# [RECORDS FOR PROCESSING]

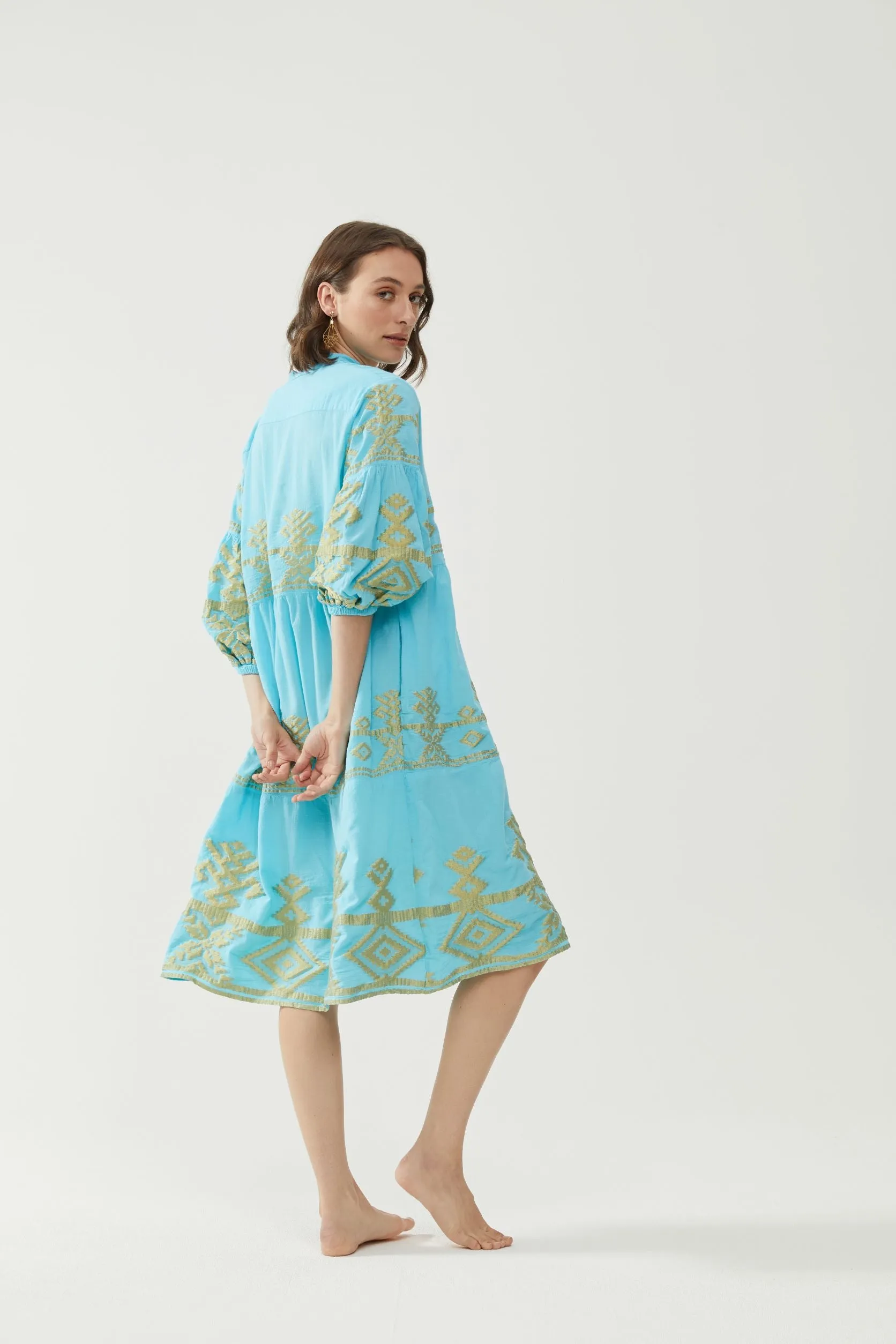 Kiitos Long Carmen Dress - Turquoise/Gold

---

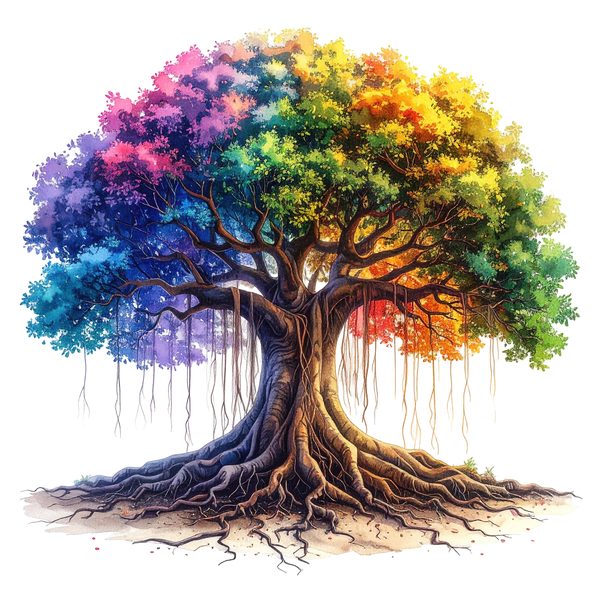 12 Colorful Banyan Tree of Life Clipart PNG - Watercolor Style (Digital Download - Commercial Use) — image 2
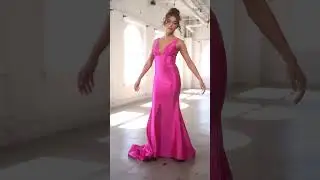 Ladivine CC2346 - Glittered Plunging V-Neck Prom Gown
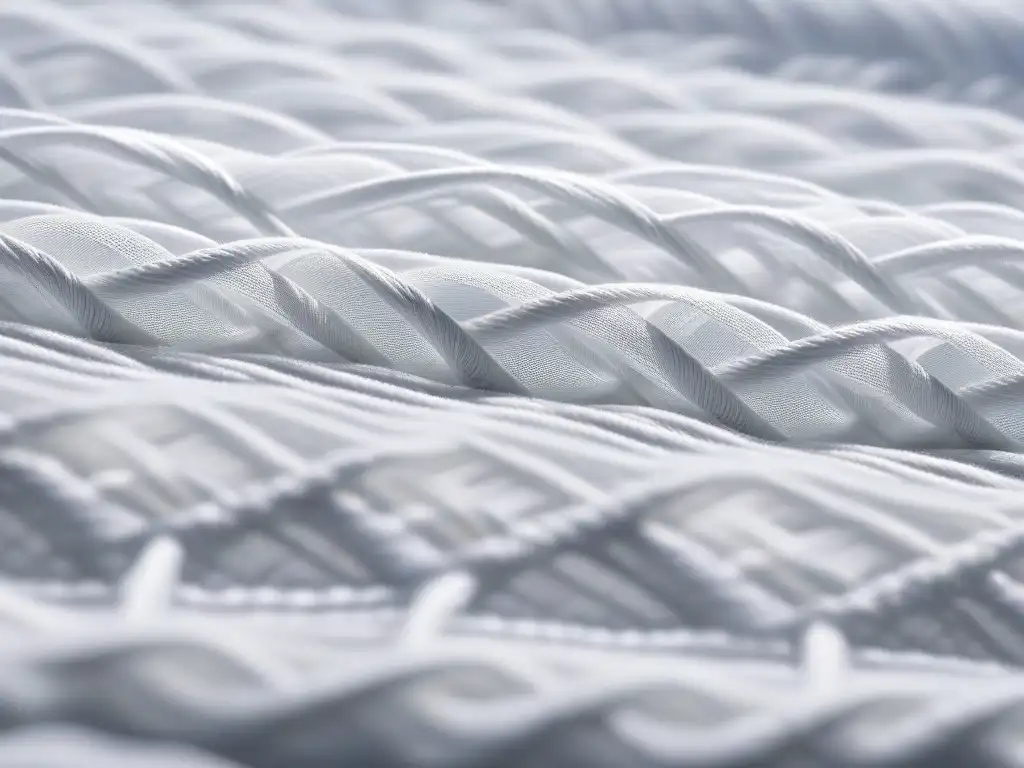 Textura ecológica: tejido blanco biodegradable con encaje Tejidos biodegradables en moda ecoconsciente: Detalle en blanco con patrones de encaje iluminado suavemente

# [WORK REQUIRED]
Exactly the lines above, from the one containing "Ladivine CC2346 - Glittered" down to the one containing "Textura ecológica: tejido", are to be repeated, including both ends. Pictures are not part of the copy.

# [RESULT OF THE EXERCISE]
 Ladivine CC2346 - Glittered Plunging V-Neck Prom Gown
 Textura ecológica: tejido blanco biodegradable con encaje Tejidos biodegradables en moda ecoconsciente: Detalle en blanco con patrones de encaje iluminado suavemente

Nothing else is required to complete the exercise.